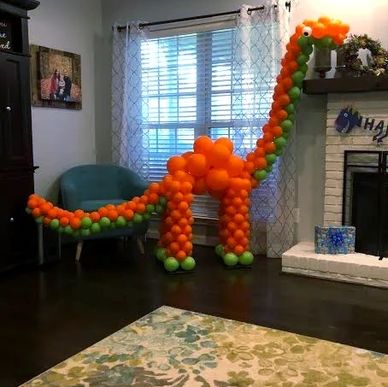 Dinosaur balloon sculpture for birthday party in Alabama.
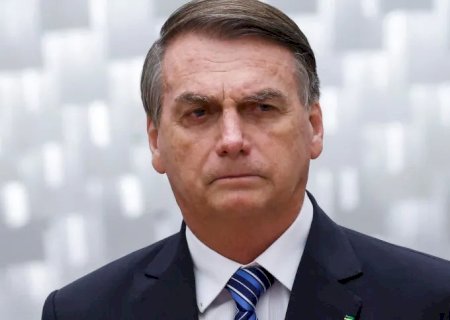 Bolsonaro exonera comandantes da Marinha e Aeronáutica e nomeia escolhidos de Lula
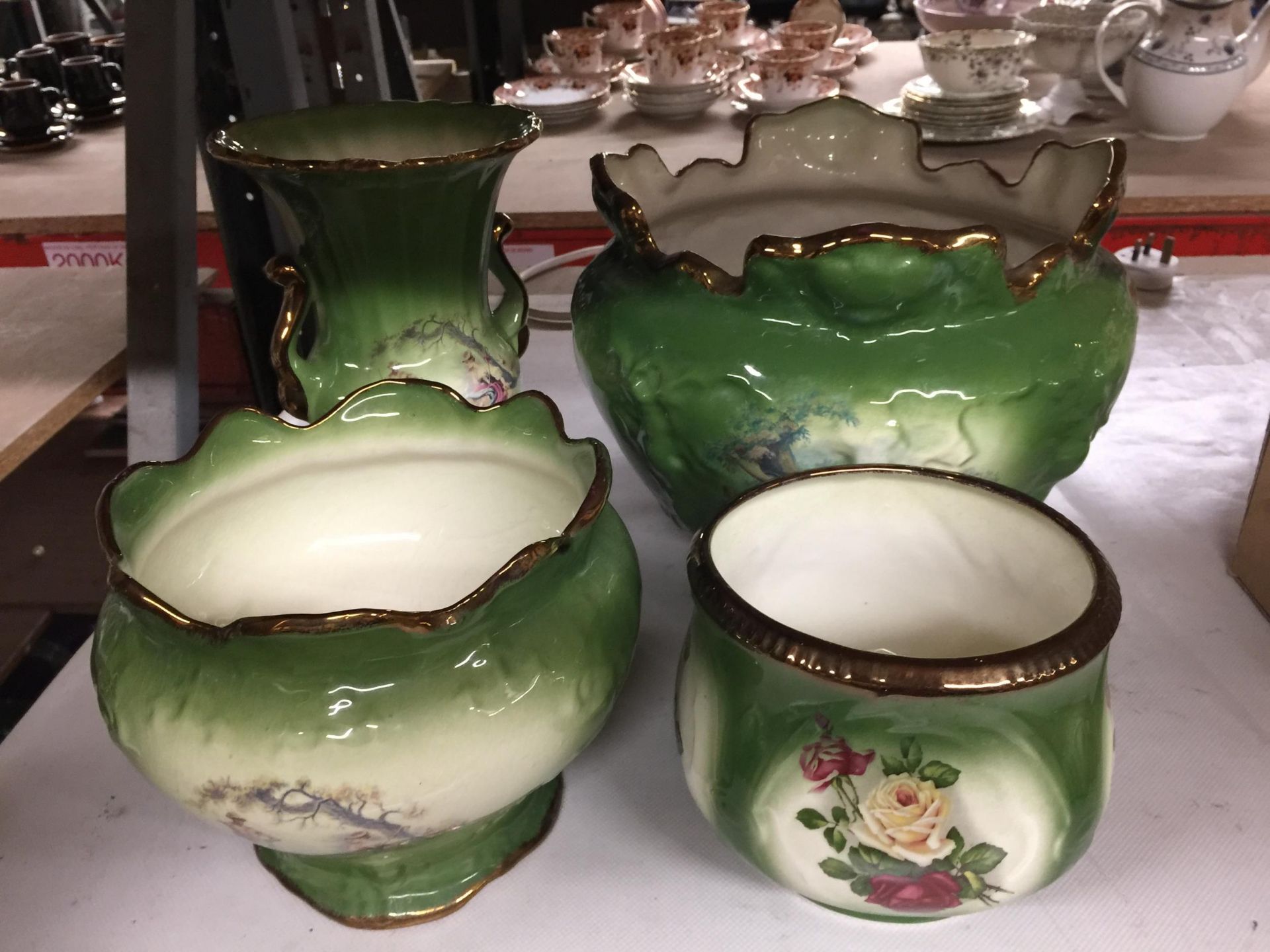 A GROUP OF FOUR VINTAGE POTTERY ITEMS, TWO PLANTERS, VASE AND A POT - Image 2 of 4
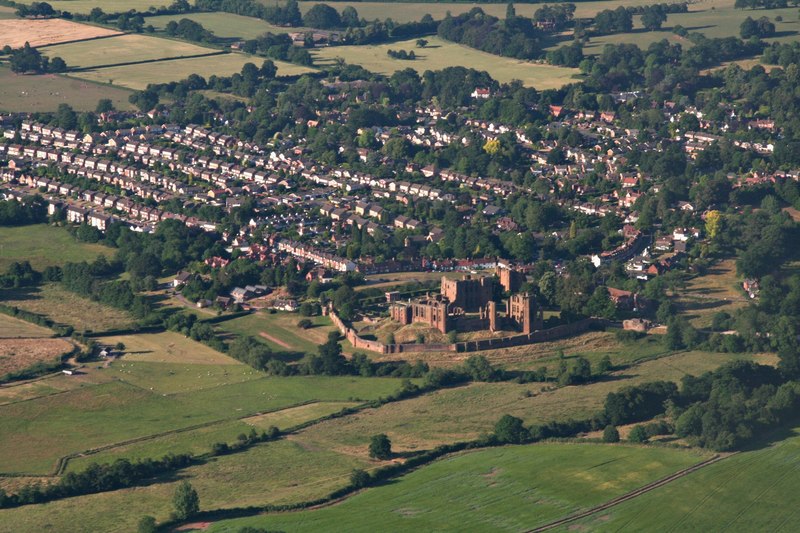 File:Kenilworth aerial view, 2018.jpg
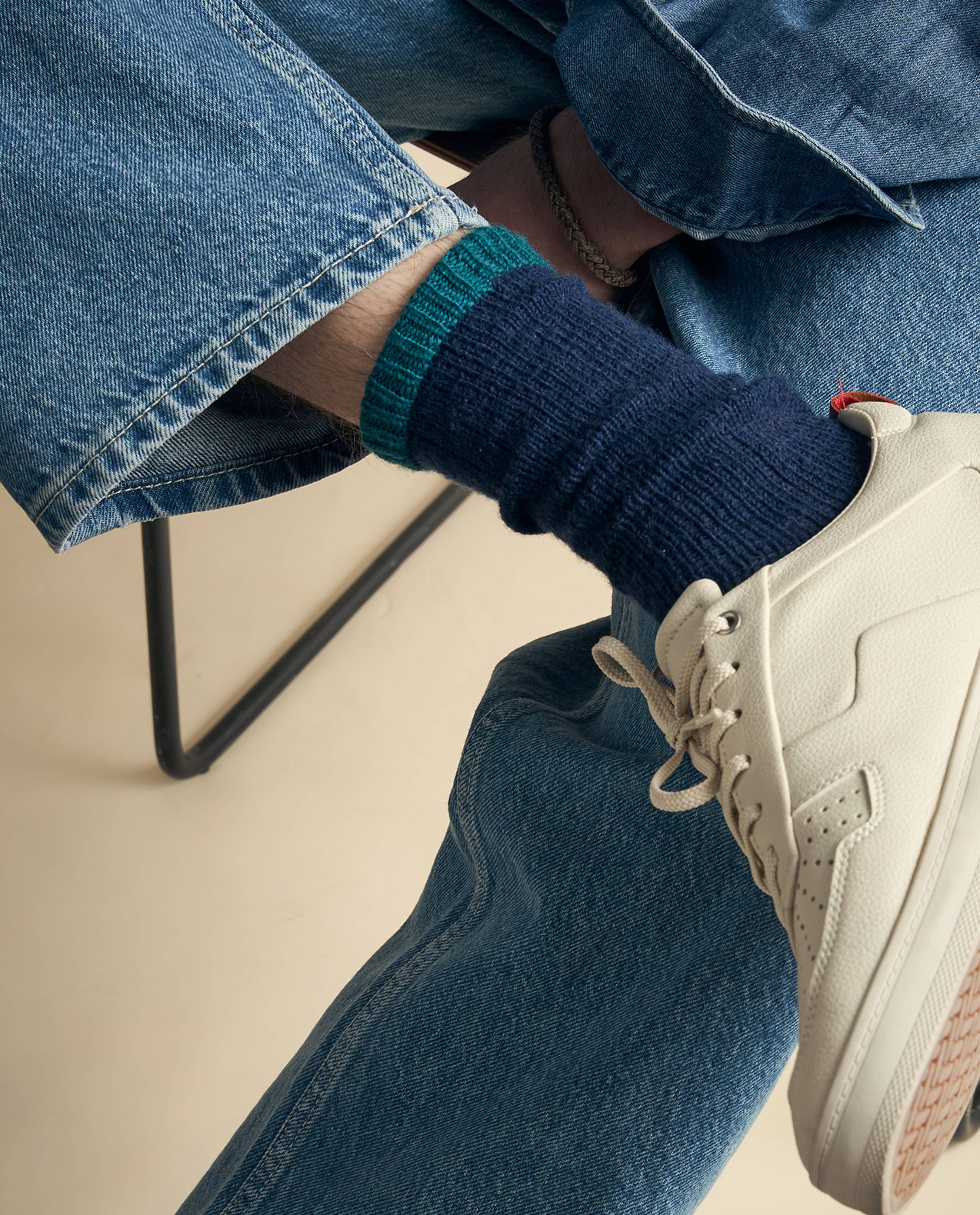 Modèle Accessoire Chaussettes Emile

Directions:
All of the lines above must be repeated without alteration, though the pictures are to be excluded.

Worked solution:
 Dinosaur balloon sculpture for birthday party in Alabama.
 Bolsonaro exonera comandantes da Marinha e Aeronáutica e nomeia escolhidos de Lula
 A GROUP OF FOUR VINTAGE POTTERY ITEMS, TWO PLANTERS, VASE AND A POT - Image 2 of 4
 File:Kenilworth aerial view, 2018.jpg
 Modèle Accessoire Chaussettes Emile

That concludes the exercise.